The traditional greeting in Kankonian is Tohayes isim (greetings today) or simply Tohayes (greetings), although Hau and Hai are very common today. Saying Tohayes isim is similar to saying, "Salutations!" Hau! is usually glossed as "Hello!", while Hai! is usually glossed as its homonym "Hi!" There are also greetings for times of day: Guzhiet galir is good morning; Guzhiet armar is good evening; Guzhiet huwos is good night. These are less commonly used than their equivalents in Germanic or Romance languages, however. Over the telephone, someone greets her/his interlocutor with the word Zaniken!, meaning "connected!", as both speakers want to make sure the phone line is connected before they begin their conversation.

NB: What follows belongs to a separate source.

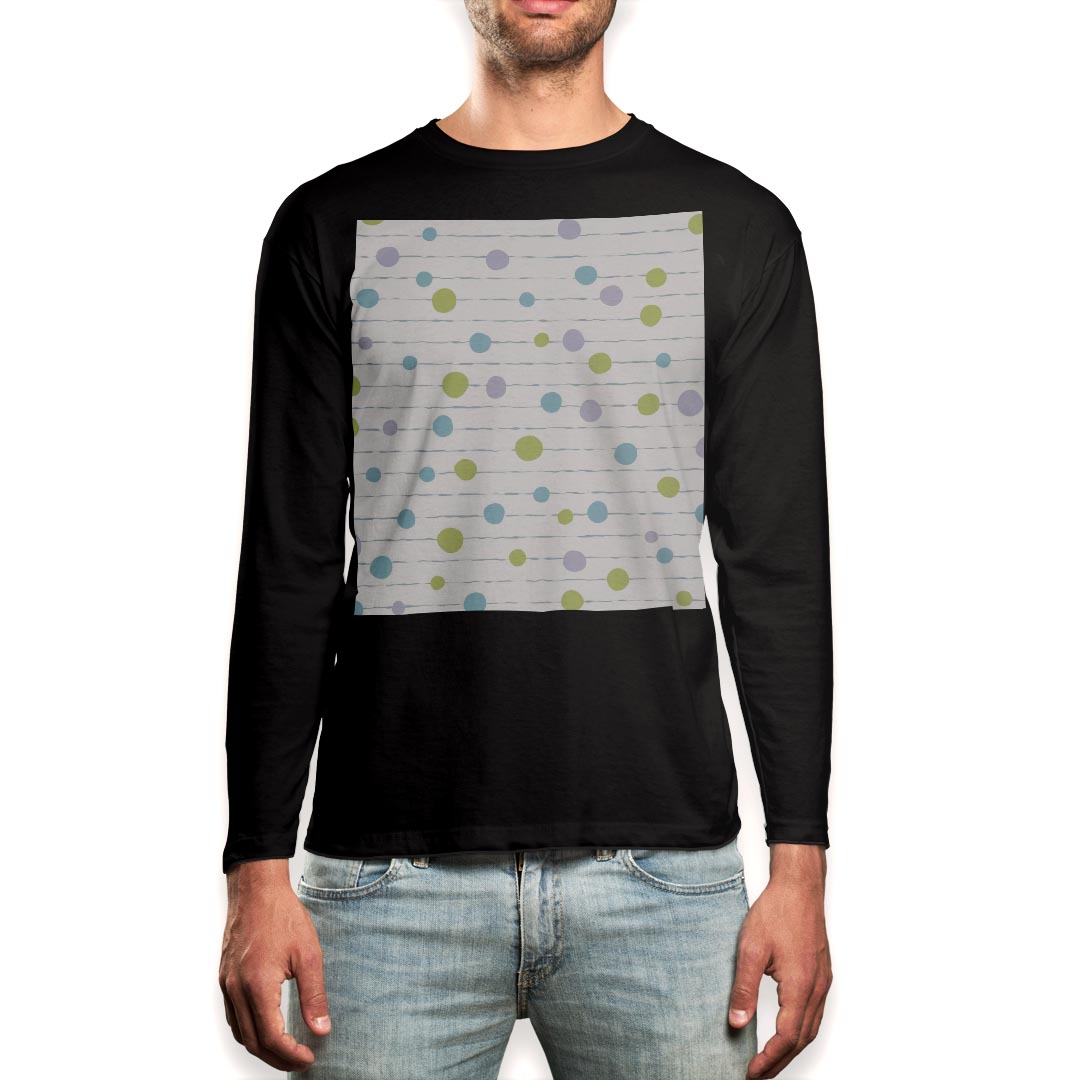 ロング tシャツ メンズ 長袖 ブラック デザイン XS S M L XL 2XL ロンT ティーシャ...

Kankonians do not like to interrupt with an idle comment, and will often stare at a person as said person chats on the phone or ansible to avoid interrupting her/his conversation, hoping that s/he will notice them. When two or more Kankonians are talking, however, they are quick to notice a newcomer to the conversation who "wants in", and will make her/him feel welcome. If someone has an important thing to say when others are talking, s/he will usually say, "Ham as salishas!" (This is important!) The conversation is then handed over to her or him. Even if someone does interrupt a conversation, be it by ansible, by landline phone, by cellphone or in person, with something idle, the interruptee will try not to seem offended, to avoid seeming too strict about etiquette.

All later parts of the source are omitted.